Education Funding
Sound financial planning combined with effective savings tools can help you accumulate the funds you need to send a child to college. Several key factors should be considered when determining which plan is right for you:
- Tax benefits - Some college savings vehicles allow for federal income-tax-free qualified withdrawals or they allow you to defer taxes on your investment until the money is withdrawn. These benefits give your assets a chance to grow faster than they would in a comparable taxable account and can greatly affect how much you are able to accumulate for college.
- Flexibility - If your situation changes, you have a financial emergency, your child gets a scholarship, or your child chooses not to go to college, you may wish to change how your accumulated savings are used. Different vehicles offer various levels of flexibility.

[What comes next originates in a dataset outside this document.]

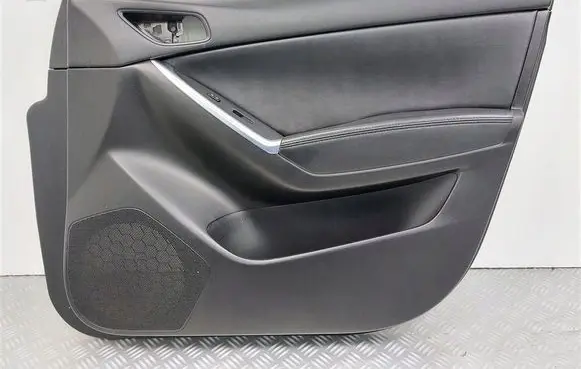 Mazda CX-5 Front door card panel trim KA0G68420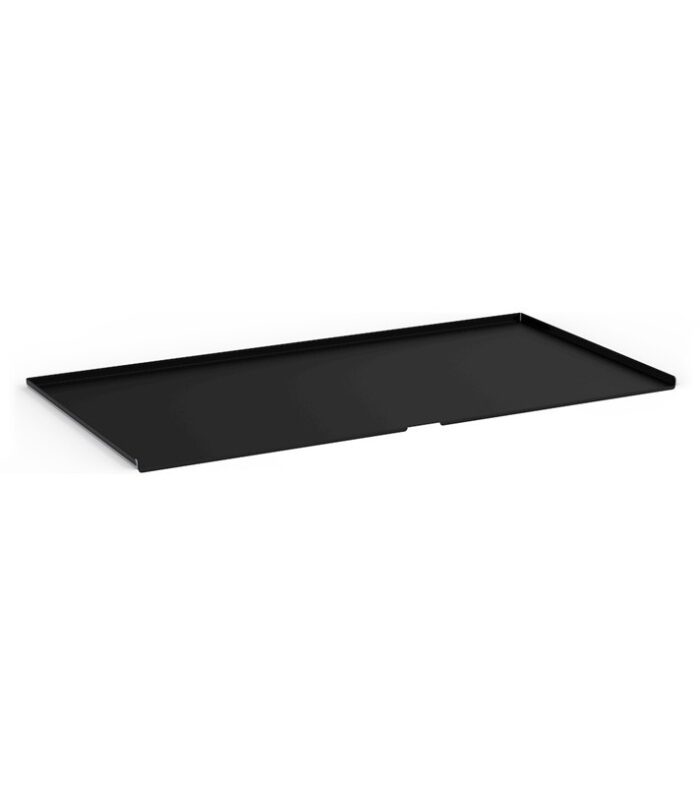 Top a 3 Bordi Rivestito in PVC - immagine 1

- Asset ownership - Custodial accounts allow a donor to invest in a child's name and are considered irrevocable gifts. The child has the legal right to assume control over the account when he or she reaches a certain age. In contrast, other plans allow donors to maintain ownership and control over the assets.

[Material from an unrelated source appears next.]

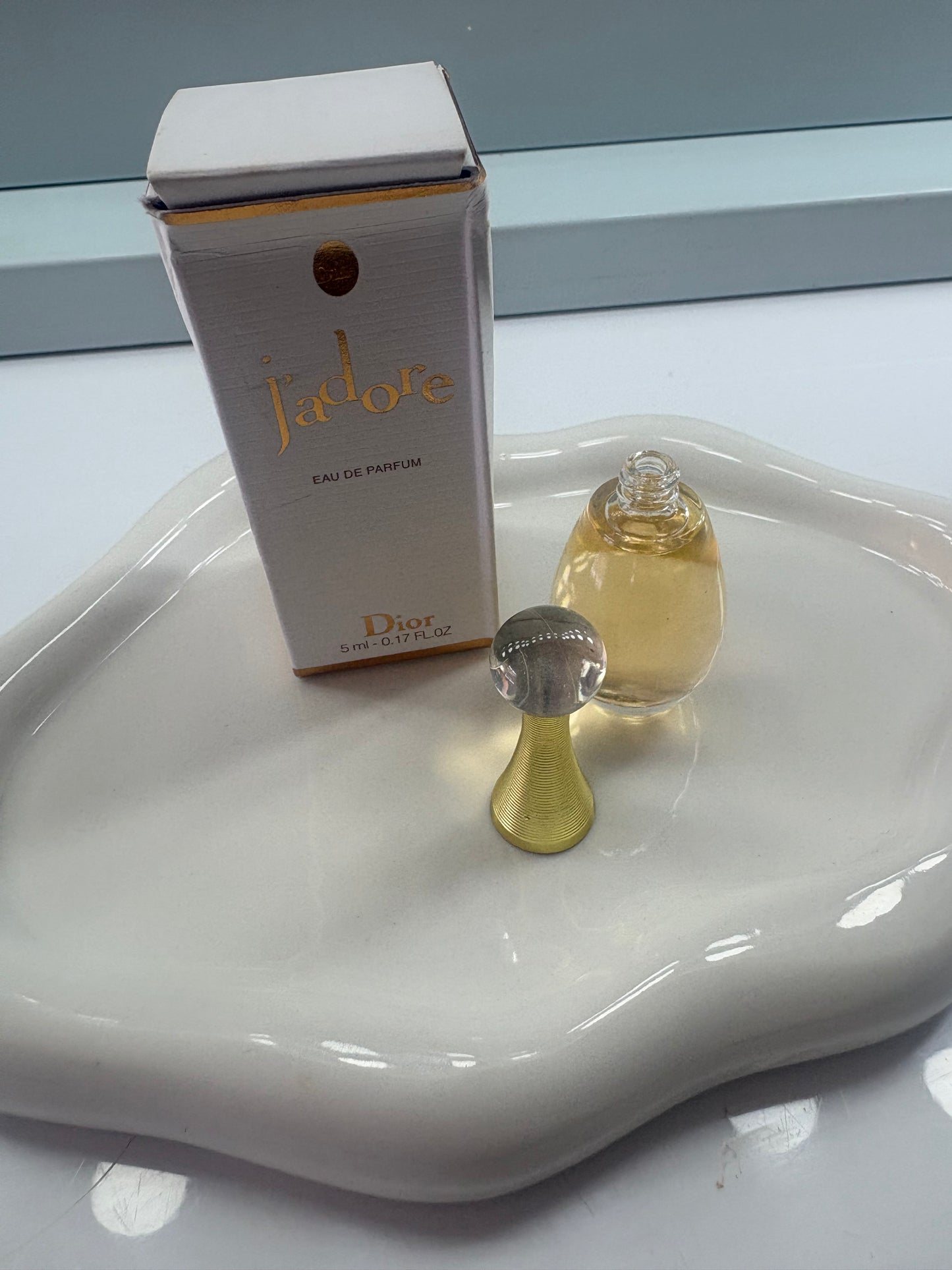 Jdre mini 5ML perfume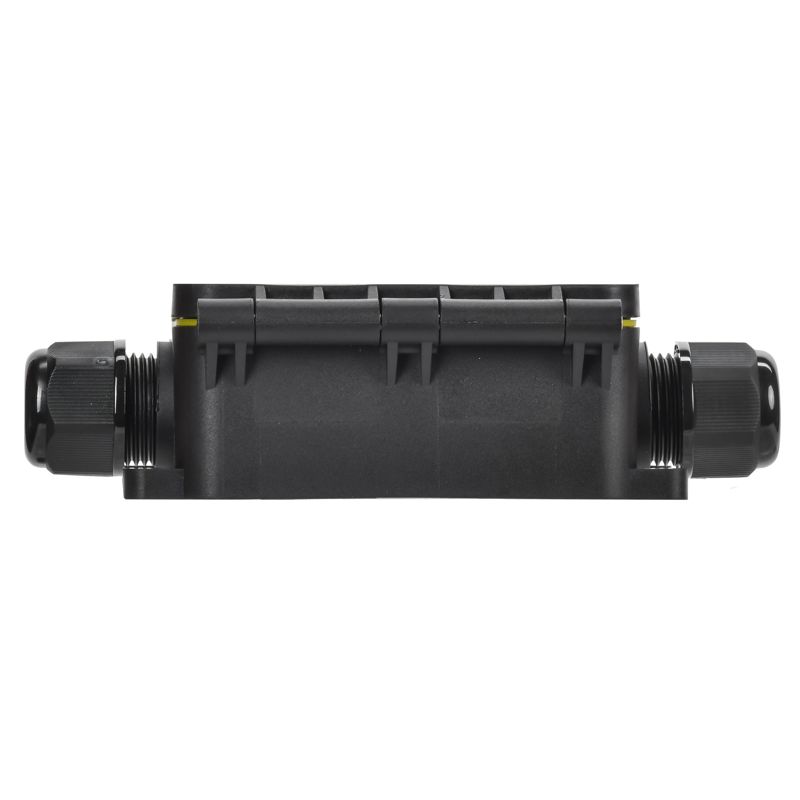Коробка распределительная герметичная WTP-406 IP68 2 ввода IIEK UWB10-I-450-40-02-68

- Accessibility - College savings plans vary in the treatment of non-qualified withdrawals, from not allowing early access to complete penalty-free liquidity. Others allow you to change the beneficiary to another family member or withdraw funds up to the amount of an awarded scholarship.
- Financial aid implications - Parents' income and the saved assets of both child and parent are the two most important factors in determining financial aid eligibility. Since most financial aid formulas consider about 5% of parents' assets and 35% of a child's assets available for college, plans that keep control of assets with the parent have less bearing on your child's chances of receiving aid.
- Investment control - Do you feel qualified to choose wise investments? Or would you rather leave the investment choice to a professional? College accounts offer both options.
- Income restrictions and contribution limits - These factors will determine your eligibility to use a specific plan as well as how much you can potentially save. Some plans offer no income restrictions; contribution limits will vary.